A unified model for droplet receding contact angles on hydrophobic pillar, pore, and hollowed pillar arrays

Hypothesis: Current models for receding contact angles of Cassie-Baxter state droplets on textured hydrophobic substrates are applicable only to a specific structural type, e.g., pillar (above which a droplet has isolated contact line and continuous liquid-vapor interface) or pore (continuous contact line and isolated liquid-vapor interface), signifying a lack of universality. We conjecture that a unified model for droplet receding contact angles can be established if the fundamental gap between pillar and pore can be bridged.

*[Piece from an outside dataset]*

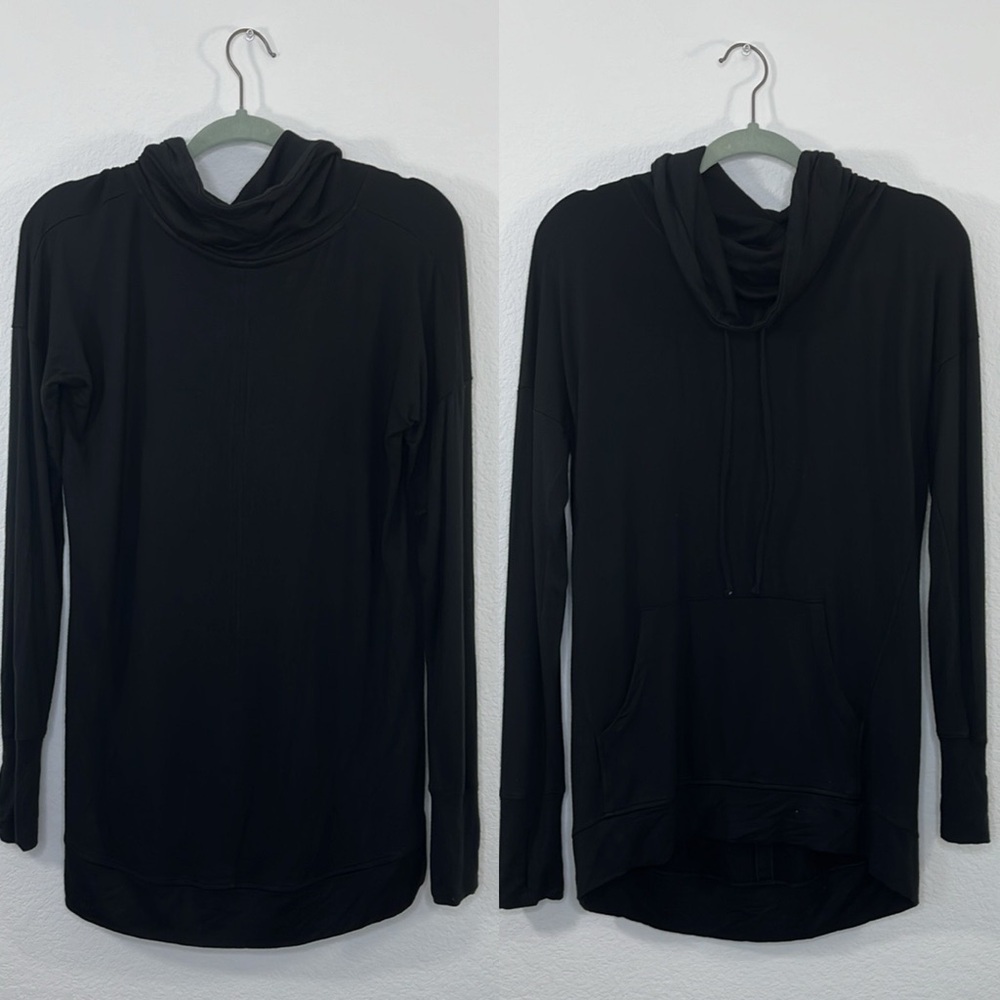 Athleta Cowl Neckline Studio long sleeve top black size small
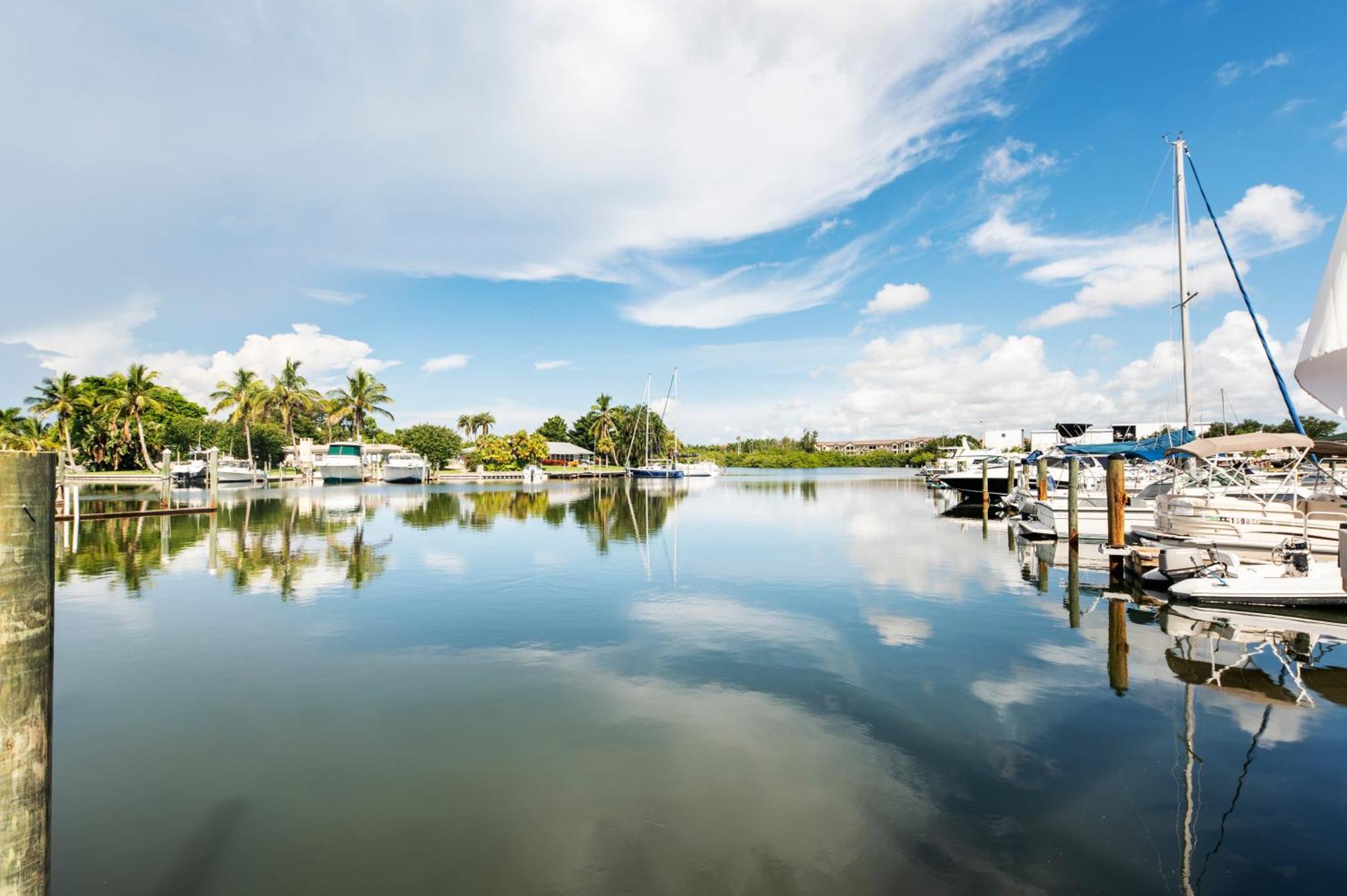 Bay Breeze Aparthotel South Bradenton ภายนอก รูปภาพ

Experiments: Droplet receding contact angles on hollowed pillar (a pore inside a pillar) arrays, which possess the characteristics of both pillar and pore, are measured and compared to those on pillar and pore arrays. The microscopic dynamics of contact line and liquid-vapor interfaces on those substrates are also visualized.

Findings: Droplets on hollowed pillar arrays exhibit smaller and larger contact angles than those on pillar and pore arrays, respectively. Based on microscopic energies involved in contact line sliding, relaxation of liquid-vapor interface between pillars, and extension of liquid-vapor interface above pores, a model is developed to predict the droplet receding contact angles irrespective of the variations in surface structural types (pillar, pore, and hollowed pillar) or dimensions (size, spacing, and packing density).